O segundo debate público entre candidatos à Presidência da República
pela televisão, ocorrido na noite de segunda-feira (1/9), consolida a
percepção de analistas da imprensa de que o ex-governador Aécio Neves
tem remotas chances de vir a disputar um eventual segundo turno. Mais do
que as conjecturas de especialistas que destrincham os detalhes das
duas mais recentes pesquisas de intenção de voto, pesa contra o
candidato do PSDB uma declaração do coordenador de sua própria campanha,
José Agripino Maia (DEM-RN), de que a coligação vai apoiar a
ex-ministra Marina Silva (PSB) na disputa direta com a presidente Dilma
Rousseff.
Os jornais de terça-feira (2/9) ressaltam a nova polarização da
disputa, agora entre Dilma e Marina, e o fato de que Aécio Neves
permaneceu quase todo o tempo do debate em segundo plano, disparando
críticas contra a presidente e evitando confrontar diretamente a
candidata do PSB.
O momento delineado pelo encontro dos presidenciáveis no estúdio do
SBT, em São Paulo, é o da consolidação de Marina Silva no primeiro plano
do jogo eleitoral, mas a dinâmica dos acontecimentos e a própria
natureza da aliança que a suporta tendem a oferecer grandes surpresas.
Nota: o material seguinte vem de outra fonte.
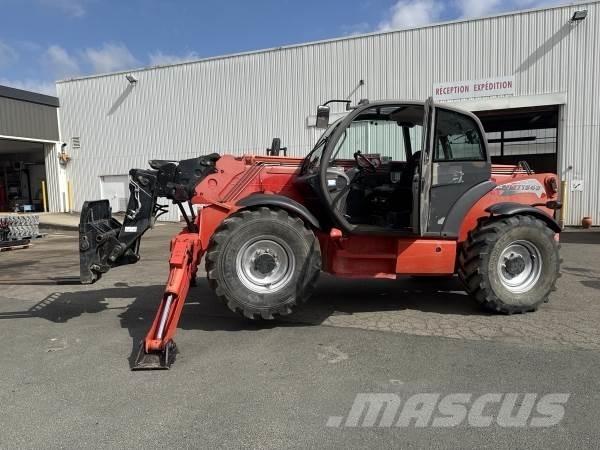 Manitou MT1840 Teleskopski viličarji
Marina Silva começa a enfrentar os efeitos da contradição que
personifica, na qualidade de candidata que se propõe a reformar os
costumes políticos mas cujo sucesso depende de certa flexibilidade, para
não dizer jogo de cintura, para conservar apoios tanto entre religiosos
radicais quanto entre militantes de causas com alto potencial de
controvérsia.
Originada no campo avançado da política progressista, aquele que propõe
substituir as bandeiras da esquerda clássica pelo ideário da
sustentabilidade, ela submeteu sua racionalidade à racionalização da fé
religiosa. Como candidata, precisa agora conduzir essa ambiguidade no
perigoso jogo do poder político. Para se eleger, a insustentável leveza
de Marina precisa de um programa consistente e sólido. Resta saber se
conseguirá resistir às tormentas da campanha, tendo que se equilibrar
constantemente com cada pé apoiado em uma canoa.
Entre dois senhores
Marina Silva procura se apresentar como uma obra em progresso, aquilo
que o compositor celebrizou como uma “metamorfose ambulante”. Mas corre o
risco de ser vista mais propriamente como borboleta que regride ao
estado de lagarta.
O discurso da sustentabilidade não sobrevive longe do berço da ciência,
que lhe deu origem e credibilidade. Ao fazer concessões ao campo
oposto, o da religião obscurantista, ela perde o vínculo com a raiz de
sua persona política.
Entre sua fé religiosa e a conveniência de apoiar políticas de
igualdade entre os gêneros, ou a autonomia da mulher sobre seu próprio
corpo, ela tenta convencer o eleitorado evangélico de que segue fiel aos
seus dogmas, ao mesmo tempo em que precisa defender propostas que a
situem no centro das questões contemporâneas.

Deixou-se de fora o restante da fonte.